We considered exogenous changes of the network over time in this study. Another opportunity of research is to assume that the change of the network structure over time is driven by the state of the system, which is referred to as adaptive networks (Gross and Blasius 2008; Sayama et al. 2013). The recent modeling framework inspired by biological examples in which the residents and mutants use different static networks defined on the same node set (Tkadlec et al. 2021; Melissourgos et al. 2022) can be interpreted as an example of fixation dynamics on adaptive networks. Allowing nodes to stochastically sever and create edges they own as the node’s type flips from the resident to mutant and vice versa may lead to new phenomena in fixation dynamics. Such models have been extensively studied for evolutionary games on dynamic networks (Santos et al. 2006; Pacheco et al. 2006; Fu et al. 2009).

We recently found that most hypergraphs are suppressors of selection under the combination of a birth-death process and uniform initialization, which are the conditions under which most of conventional networks are amplifiers of selection (Liu and Masuda 2023).
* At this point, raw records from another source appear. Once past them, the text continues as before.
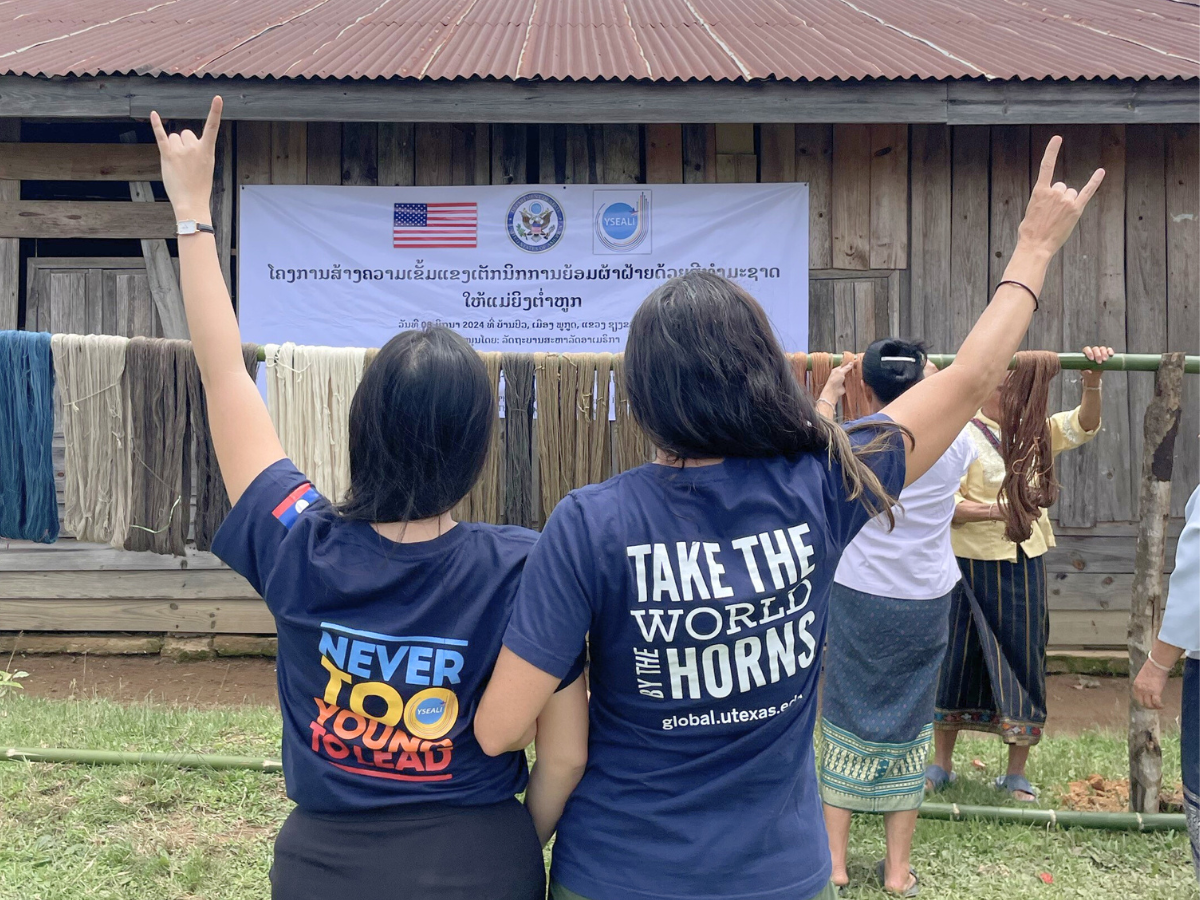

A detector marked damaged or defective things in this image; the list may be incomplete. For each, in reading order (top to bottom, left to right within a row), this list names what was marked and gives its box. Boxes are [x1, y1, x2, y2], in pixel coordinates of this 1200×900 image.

rusty roof panel [2, 0, 1200, 81]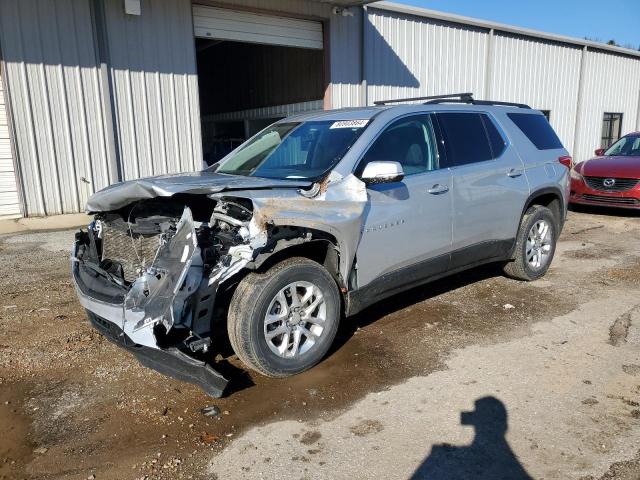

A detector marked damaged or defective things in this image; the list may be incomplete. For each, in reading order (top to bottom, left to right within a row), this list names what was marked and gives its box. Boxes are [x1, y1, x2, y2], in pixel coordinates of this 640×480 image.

crushed hood [87, 171, 312, 212]
damaged chevrolet traverse [72, 94, 568, 398]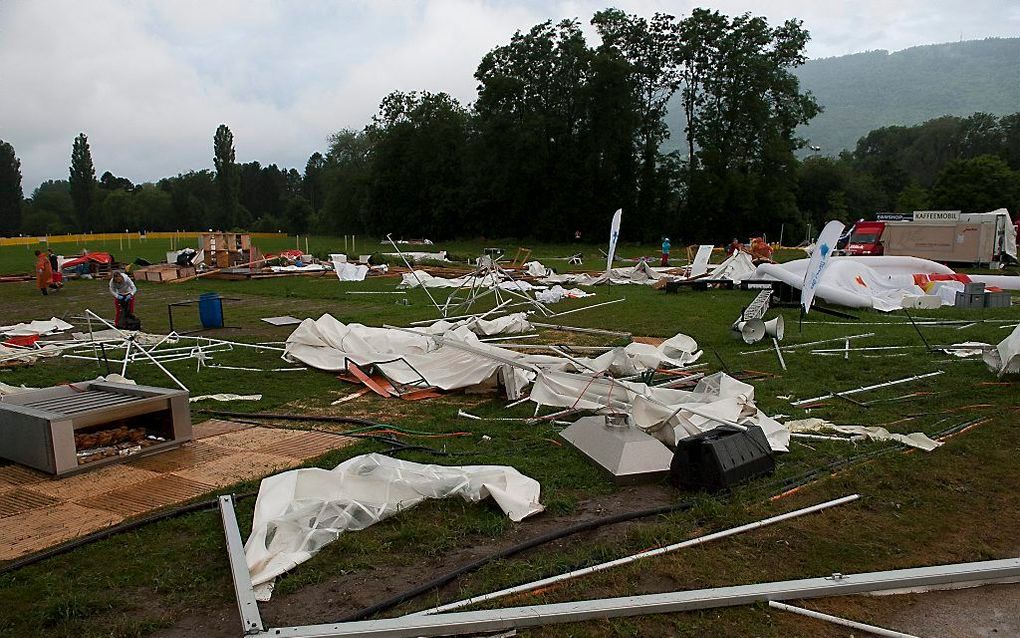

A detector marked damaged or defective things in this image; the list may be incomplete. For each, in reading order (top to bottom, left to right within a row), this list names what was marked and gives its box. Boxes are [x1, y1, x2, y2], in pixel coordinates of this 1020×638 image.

torn canvas material [245, 456, 540, 600]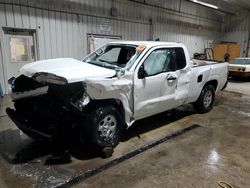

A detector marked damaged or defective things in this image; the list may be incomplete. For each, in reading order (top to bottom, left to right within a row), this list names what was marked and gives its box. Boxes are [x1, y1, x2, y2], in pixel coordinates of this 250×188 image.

crumpled hood [20, 57, 116, 82]
damaged front end [6, 74, 91, 141]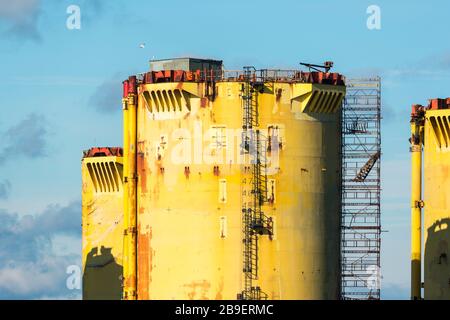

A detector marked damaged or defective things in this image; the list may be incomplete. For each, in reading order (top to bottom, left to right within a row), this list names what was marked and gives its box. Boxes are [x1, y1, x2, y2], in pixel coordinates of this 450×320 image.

rusted metal structure [342, 78, 380, 300]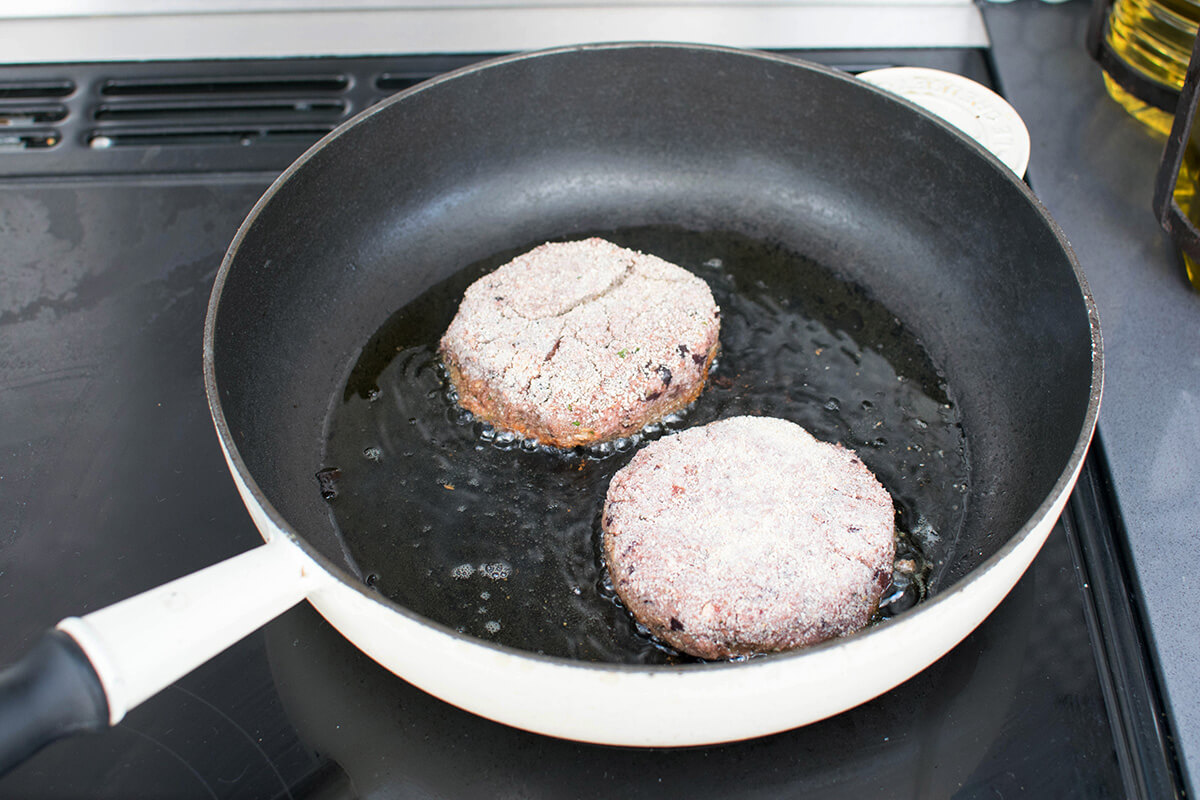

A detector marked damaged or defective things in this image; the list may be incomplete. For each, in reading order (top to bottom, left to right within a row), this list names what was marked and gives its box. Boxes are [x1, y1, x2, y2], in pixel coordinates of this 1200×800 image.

burnt residue in pan [316, 225, 964, 662]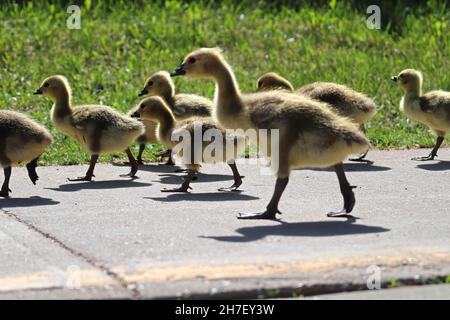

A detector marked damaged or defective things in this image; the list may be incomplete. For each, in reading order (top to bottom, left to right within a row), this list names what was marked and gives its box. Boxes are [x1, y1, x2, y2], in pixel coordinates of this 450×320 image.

pavement crack [0, 209, 141, 298]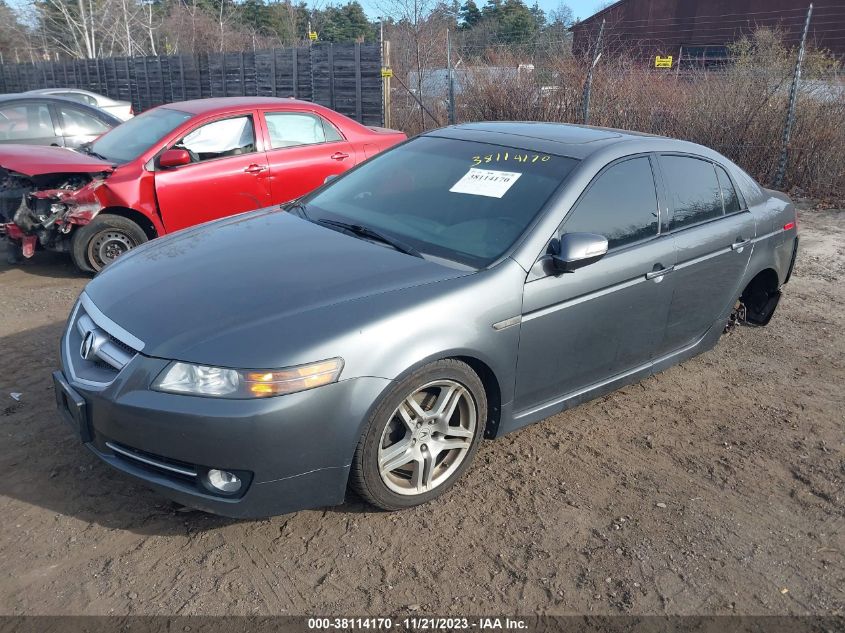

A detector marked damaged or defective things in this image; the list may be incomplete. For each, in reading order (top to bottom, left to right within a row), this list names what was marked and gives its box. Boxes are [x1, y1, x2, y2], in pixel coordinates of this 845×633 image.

crumpled hood [0, 143, 113, 174]
damaged red sedan [0, 96, 404, 270]
crumpled hood [84, 209, 468, 366]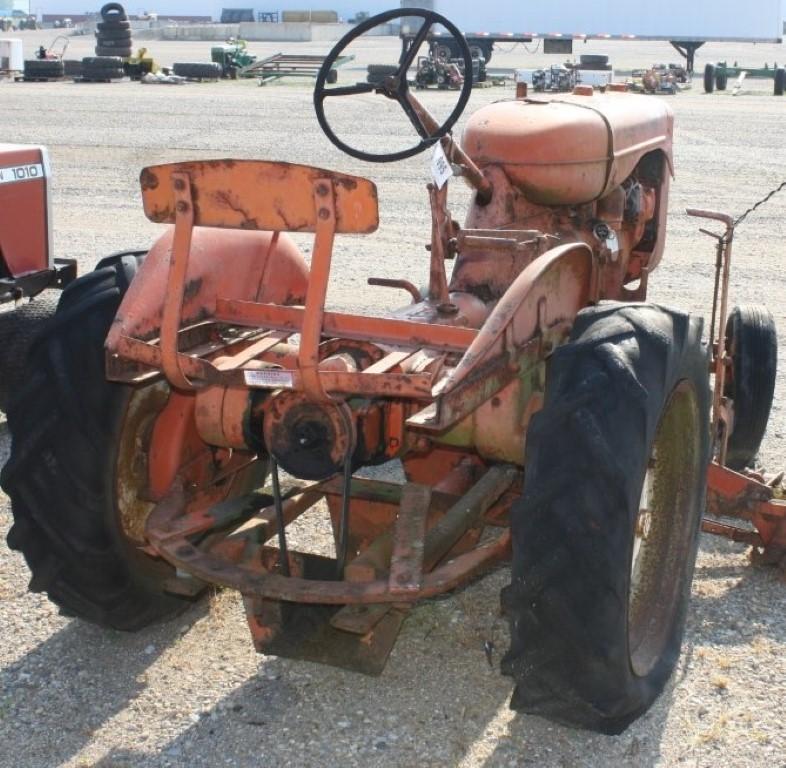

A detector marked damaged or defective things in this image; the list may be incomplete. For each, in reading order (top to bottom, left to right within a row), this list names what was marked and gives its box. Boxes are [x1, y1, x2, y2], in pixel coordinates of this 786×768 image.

It has been longer known that most undirected networks are suppressors of selection under the death-birth process (Hindersin and Traulsen 2015), and in directed networks under various imitation rules including birth-death processes (Masuda 2009). The degree of amplification and suppression also depends on the initialization (Adlam et al. 2015; Pavlogiannis et al. 2018). For example, non-uniform initializations can make the star, which is a strong amplifier of selection under the birth-death process and uniform initialization, a suppressor of selection (Adlam et al. 2015). Furthermore, it has been shown that the amplifiers of selection are transient and bounded (Tkadlec et al. 2020). Our results suggest that small temporal networks are another major case in which suppressors of selection are common. These results altogether encourage us to explore different variants of network models and evolutionary processes to clarify how common amplifiers of selection are. This task warrants future research.